三菱重工グループの三菱重工メカトロシステムズ(MHI-MS、本社:神戸市兵庫区)は9月4日、中国の江蘇政田重工股●有限公司(江蘇政田、Jiangsu Masada Heavy Industries Co., Ltd.)にホースハンドリングクレーンおよびコンテナ船向けスリム型デッキクレーンの製造・販売権を供与することで合意し、ライセンス契約を締結したと発表した。江蘇政田へのライセンス供与は、2008年のバルクキャリア向けデッキクレーン、2012年の甲板機械ならびに舵取機(※1)に次ぐもので、さらに充実した製品ラインアップにより、船舶建造量で世界一の中国市場における三菱重工グループ技術による舶用機械製品のシェア拡大につなげていく。●=にんべんに分。
今回製造・販売権を供与するホースハンドリングクレーンは、つり上げ荷重10トン、15トン、20トンの3シリーズで、主にMR型(※2)以上のタンカーに搭載されるもの。また、コンテナ向けスリム型デッキクレーンは同45トンシリーズを供与する。
今回のライセンス契約により、江蘇政田はデッキクレーン、舵取機、甲板機械にホースハンドリングクレーンを加えた4製品を、三菱重工グループの技術によるものとして供給できることとなる。主力製品であるバルクキャリア向けデッキクレーンに、タンカー向けホースハンドリングクレーン、コンテナ向けデッキクレーンが追加されることで、より広範な需要への対応が可能となる。
江蘇政田は、2005年にウインチ製造会社である政田鉄工(本社:大阪市西区)と江蘇省の産業機械製造会社の合弁により設立された舶用機械の製造会社で、江蘇省南通市に本社を構えている。

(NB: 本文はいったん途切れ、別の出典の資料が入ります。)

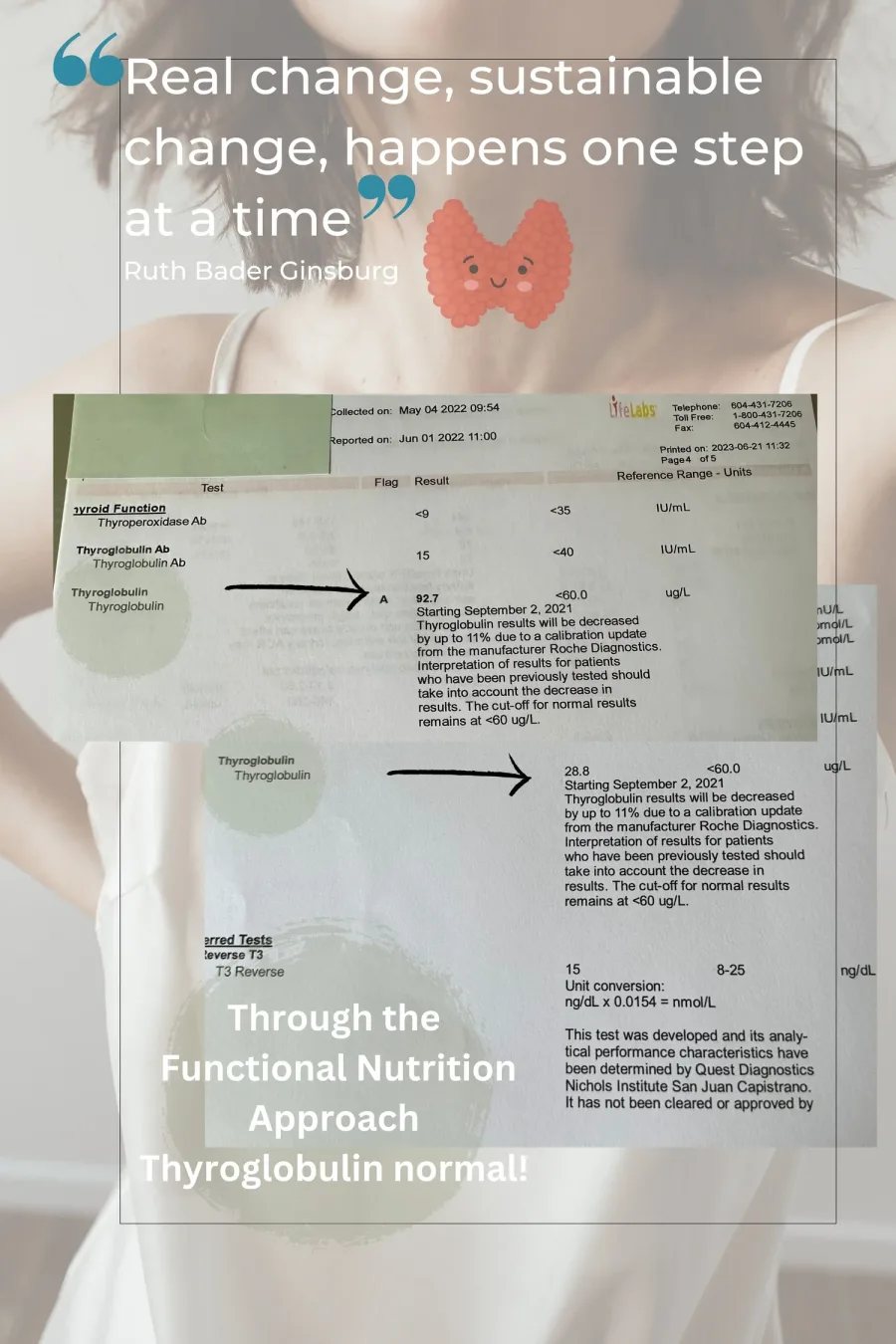 Thyroid bloodwork after dietary and metabolic changes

デッキクレーン、甲板機械、舵取機ともにグループ会社に事業を移管する以前の三菱重工業とライセンス契約を締結して以来、生産能力を増強しながら順調に生産台数を伸ばしてきている。2019年には敷地面積約24万5,000㎡の新工場を稼働開始させる計画で、さらなる事業拡大に向けて意欲的に取り組んでいる。
ホースハンドリングクレーンは、石油などの液体貨物を海上輸送するタンカーに搭載され、陸側の液体貨物移送用ホースを船舶側のタンク接続部に接続する際のホースハンドリングの際に使用されるもの。三菱重工は1974年に初号機を完成させており、高い信頼性と耐久性、優れた応答性において顧客から高い評価を得て、豊富な実績を誇っている。また、45トンスリム型デッキクレーンは、クレーン施設が整備されていない埠頭でのコンテナ積み下ろしを行う小型コンテナ船に搭載されるもの。コンテナ船のコンテナ積載数をできるだけ多く確保できるよう、本体は通常のデッキクレーンに比べてコンパクトになっている。
※1 舵取機は三菱重工マリンマシナリ(本社:長崎市)の取り扱い製品で、同社が江蘇政田にライセンス供与している。
※2 MRはミディアムレンジを表し、2万5,000~5万5,000重量トンサイズのタンカー。